Earlier this year, we warned about a provision in the highway bill that would pave the road for mandating the installation of black boxes in automobiles. Much like the recording devices embedded in aircraft, these data recorders would allow collision investigators to ascertain certain information preceding a car crash. This is obviously not something that most Americans would feel comfortable with, yet it is one more example of the fed’s creeping statism and infringement of our privacy.
Despite the fact that this provision was removed from the final bill that passed Congress earlier this summer, the National Highway Traffic Safety Administration (NHTSA) is already making rules for those manufacturers that install optional data recorders. The Hill reports:
New federal standards for “black boxes” that record information leading up to auto accidents will will take effect Sept. 1, the National Highway Traffic Safety Administration (NHTSA) ruled on Tuesday.

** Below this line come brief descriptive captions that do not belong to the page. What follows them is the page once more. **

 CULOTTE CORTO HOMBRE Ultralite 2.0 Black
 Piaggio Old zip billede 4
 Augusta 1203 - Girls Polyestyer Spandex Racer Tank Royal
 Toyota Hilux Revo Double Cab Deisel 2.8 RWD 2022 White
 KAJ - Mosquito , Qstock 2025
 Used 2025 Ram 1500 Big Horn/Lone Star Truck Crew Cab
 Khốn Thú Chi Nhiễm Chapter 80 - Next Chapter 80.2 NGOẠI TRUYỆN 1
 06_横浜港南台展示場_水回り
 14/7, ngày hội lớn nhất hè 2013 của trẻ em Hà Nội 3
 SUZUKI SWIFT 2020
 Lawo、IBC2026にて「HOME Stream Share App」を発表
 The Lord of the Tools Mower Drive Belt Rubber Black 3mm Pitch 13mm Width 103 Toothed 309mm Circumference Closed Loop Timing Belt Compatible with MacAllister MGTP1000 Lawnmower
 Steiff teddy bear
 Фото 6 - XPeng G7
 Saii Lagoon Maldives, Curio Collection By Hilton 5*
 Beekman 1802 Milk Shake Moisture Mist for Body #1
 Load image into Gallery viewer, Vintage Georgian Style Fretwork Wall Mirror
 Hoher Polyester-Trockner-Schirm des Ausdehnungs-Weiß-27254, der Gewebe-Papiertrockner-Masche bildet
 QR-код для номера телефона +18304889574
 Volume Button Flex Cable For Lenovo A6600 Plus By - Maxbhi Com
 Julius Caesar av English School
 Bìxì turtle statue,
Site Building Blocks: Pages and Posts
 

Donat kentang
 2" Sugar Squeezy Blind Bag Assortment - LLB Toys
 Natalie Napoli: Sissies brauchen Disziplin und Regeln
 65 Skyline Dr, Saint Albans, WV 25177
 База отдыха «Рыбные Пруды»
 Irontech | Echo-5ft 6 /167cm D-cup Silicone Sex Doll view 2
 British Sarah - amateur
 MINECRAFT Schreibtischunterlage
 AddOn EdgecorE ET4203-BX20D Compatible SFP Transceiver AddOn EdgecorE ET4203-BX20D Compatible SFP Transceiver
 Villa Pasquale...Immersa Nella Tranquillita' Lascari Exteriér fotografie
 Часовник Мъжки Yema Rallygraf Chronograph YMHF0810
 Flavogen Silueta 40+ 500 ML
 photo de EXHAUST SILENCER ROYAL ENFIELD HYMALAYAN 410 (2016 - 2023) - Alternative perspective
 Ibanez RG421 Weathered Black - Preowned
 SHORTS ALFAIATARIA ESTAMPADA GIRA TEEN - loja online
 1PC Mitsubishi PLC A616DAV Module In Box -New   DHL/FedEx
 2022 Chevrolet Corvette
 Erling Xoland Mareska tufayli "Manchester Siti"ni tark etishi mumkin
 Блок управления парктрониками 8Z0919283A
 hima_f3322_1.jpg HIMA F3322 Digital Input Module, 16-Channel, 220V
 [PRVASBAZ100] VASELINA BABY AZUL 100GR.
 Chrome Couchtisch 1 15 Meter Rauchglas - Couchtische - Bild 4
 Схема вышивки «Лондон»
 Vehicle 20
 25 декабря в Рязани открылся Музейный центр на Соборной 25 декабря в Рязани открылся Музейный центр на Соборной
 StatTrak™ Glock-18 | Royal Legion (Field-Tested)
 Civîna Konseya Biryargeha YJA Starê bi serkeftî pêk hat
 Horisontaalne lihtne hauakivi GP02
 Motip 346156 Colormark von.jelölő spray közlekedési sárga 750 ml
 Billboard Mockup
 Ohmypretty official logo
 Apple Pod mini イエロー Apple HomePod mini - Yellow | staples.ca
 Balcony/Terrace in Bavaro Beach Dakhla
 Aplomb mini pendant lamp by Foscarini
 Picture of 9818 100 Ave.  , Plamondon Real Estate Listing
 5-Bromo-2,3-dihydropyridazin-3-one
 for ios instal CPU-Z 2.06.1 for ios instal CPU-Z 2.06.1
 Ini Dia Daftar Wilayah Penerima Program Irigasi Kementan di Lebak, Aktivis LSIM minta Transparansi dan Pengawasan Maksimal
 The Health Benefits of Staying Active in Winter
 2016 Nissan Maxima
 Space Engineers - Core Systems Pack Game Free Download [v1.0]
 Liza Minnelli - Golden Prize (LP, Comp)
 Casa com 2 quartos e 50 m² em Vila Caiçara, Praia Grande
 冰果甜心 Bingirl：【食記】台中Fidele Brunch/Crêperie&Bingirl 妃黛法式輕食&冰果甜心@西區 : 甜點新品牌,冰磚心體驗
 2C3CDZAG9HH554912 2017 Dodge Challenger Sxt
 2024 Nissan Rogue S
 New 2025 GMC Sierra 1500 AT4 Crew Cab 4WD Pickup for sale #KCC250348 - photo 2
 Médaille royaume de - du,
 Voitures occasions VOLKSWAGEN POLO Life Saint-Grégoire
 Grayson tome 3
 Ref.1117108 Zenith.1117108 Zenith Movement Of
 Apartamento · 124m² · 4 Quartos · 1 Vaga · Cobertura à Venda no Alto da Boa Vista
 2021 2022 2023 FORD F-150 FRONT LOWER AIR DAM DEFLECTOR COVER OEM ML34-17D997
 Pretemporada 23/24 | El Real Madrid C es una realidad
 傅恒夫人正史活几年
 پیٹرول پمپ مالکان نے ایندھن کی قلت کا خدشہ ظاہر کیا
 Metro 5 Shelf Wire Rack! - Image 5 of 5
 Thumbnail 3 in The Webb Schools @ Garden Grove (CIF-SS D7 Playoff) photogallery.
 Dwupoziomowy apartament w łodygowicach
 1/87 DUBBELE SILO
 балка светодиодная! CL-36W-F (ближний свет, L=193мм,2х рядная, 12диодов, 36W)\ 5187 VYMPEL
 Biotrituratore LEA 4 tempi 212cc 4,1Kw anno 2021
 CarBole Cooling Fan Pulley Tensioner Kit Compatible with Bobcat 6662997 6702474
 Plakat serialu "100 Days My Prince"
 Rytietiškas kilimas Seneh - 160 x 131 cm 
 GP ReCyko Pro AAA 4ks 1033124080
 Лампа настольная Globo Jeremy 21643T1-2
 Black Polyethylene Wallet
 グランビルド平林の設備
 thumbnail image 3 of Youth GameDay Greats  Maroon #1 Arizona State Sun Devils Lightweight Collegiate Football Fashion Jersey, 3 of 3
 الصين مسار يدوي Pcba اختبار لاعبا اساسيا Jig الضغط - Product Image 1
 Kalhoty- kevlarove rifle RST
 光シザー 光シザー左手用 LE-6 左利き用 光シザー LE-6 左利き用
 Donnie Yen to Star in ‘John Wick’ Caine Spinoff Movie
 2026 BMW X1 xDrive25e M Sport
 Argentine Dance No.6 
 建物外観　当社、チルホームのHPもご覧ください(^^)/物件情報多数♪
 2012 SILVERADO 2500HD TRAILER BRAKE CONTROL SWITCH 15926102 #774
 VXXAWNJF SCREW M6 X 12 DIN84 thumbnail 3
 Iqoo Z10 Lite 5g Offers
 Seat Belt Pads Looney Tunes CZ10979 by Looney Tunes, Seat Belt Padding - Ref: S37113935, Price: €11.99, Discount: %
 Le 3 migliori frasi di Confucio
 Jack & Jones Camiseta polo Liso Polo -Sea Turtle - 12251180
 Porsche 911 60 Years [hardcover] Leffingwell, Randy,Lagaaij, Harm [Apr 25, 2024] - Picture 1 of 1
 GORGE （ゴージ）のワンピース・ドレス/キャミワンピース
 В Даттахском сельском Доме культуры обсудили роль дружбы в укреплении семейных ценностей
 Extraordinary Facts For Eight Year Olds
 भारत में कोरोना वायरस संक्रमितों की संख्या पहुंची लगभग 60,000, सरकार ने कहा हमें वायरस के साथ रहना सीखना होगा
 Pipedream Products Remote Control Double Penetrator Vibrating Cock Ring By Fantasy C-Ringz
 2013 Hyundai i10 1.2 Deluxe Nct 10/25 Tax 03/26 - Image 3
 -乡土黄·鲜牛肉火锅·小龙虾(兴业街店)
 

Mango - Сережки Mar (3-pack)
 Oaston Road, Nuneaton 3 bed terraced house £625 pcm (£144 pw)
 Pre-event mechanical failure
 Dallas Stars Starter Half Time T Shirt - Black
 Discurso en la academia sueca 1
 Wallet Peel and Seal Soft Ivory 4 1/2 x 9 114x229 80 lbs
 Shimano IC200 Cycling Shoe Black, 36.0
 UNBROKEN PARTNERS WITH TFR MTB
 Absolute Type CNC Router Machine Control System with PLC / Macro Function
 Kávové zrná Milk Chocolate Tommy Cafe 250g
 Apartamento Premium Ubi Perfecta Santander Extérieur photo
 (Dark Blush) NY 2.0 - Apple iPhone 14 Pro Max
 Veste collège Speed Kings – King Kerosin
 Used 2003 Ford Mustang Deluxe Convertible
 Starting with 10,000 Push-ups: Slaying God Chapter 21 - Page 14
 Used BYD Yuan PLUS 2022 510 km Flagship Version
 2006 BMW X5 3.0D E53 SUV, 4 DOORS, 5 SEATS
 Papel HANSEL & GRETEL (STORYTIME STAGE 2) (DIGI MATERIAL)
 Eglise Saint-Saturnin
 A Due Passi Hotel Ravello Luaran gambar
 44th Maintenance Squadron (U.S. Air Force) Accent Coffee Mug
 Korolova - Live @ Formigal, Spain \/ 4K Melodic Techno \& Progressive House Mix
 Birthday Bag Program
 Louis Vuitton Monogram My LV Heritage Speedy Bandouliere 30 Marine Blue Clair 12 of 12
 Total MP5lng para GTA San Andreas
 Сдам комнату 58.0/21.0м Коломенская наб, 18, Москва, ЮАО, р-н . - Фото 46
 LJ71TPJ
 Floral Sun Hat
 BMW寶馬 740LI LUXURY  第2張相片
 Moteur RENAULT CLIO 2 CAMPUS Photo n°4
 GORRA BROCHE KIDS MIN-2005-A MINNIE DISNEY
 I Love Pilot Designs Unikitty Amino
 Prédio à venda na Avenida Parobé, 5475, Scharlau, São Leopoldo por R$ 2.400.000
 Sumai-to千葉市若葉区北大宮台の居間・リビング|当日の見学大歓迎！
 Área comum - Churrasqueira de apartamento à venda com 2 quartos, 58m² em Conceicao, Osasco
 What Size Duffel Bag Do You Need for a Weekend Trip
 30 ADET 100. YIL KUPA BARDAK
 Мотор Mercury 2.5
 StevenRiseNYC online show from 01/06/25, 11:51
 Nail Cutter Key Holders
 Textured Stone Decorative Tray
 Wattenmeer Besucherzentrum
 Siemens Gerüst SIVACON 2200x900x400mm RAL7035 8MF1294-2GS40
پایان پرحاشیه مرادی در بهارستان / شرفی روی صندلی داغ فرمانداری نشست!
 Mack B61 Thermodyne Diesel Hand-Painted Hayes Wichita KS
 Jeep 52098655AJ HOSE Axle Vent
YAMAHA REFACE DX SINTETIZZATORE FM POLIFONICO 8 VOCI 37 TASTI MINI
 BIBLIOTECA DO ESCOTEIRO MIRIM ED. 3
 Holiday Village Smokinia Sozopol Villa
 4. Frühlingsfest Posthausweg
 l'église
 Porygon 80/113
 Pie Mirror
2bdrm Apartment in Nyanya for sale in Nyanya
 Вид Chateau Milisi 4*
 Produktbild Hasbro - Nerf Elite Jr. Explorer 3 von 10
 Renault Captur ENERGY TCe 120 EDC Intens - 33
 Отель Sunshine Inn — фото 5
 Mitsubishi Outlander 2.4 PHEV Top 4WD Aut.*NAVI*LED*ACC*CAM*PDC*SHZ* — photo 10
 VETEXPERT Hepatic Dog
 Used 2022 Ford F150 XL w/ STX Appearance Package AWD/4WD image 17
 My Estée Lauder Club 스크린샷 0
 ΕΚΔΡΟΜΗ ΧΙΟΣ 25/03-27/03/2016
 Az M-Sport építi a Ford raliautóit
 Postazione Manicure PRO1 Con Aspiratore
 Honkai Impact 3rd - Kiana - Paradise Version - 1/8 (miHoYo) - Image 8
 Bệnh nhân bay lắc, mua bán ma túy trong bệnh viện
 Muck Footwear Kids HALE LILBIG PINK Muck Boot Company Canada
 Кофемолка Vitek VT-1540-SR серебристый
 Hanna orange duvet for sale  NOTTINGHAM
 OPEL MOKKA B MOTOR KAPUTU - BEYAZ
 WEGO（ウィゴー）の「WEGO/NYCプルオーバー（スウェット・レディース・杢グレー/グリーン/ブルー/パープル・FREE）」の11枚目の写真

The decision means the new standards for the devices will not be delayed by one year, as automakers had requested.
The federal standards will apply only to cars that are voluntarily outfitted with event data recorders (EDRs), also known as black boxes. But while the government does not yet require all cars to have black boxes installed, NHTSA is still thought to be considering a federal mandate as a next step, possibly this year.
This is how all meretricious bureaucratic ideas take root. They begin with a few legislative trial balloons that fail to gain enough support. Then they try implementing optional rules and programs. Eventually, they evince a sense of inevitability and garner majority support for their idea. The data recorders must be stopped now.
We are already facing another looming threat to our transportation privacy in the form of a Vehicle Mile Traveled (VMT) tax. This odious idea would allow the government to tax you per mile traveled on highways through some sort of a tracking device.
Folks, it’s enough that we are denuded of our privacy while traveling through airports. We must ensure that our unrestricted right to travel by car – the paradigm of American freedom – remains unfettered. Yet, as long as we continue to support a national transportation policy run by the federal government, we will remain vulnerable to more restrictions on our freedoms. Sadly, 24 Republican senators and 186 Republican representatives voted for the latest federal highway bill. By voting for a transportation bill that will engender the need for future tax increases and force all 50 states to rely on the federal government for that revenue, they have exposed us to future policies that will restrict and regulate our automobile travel.
Twenty years after completion of the interstate highway system, the real solution to our infrastructure problems is to get the federal government out of surface transportation altogether. By devolving transportation spending to the states and abolishing the Federal Transit Administration and most of the Federal Highway Administration, we will not only save money and improve our infrastructure, we will also preserve our liberties.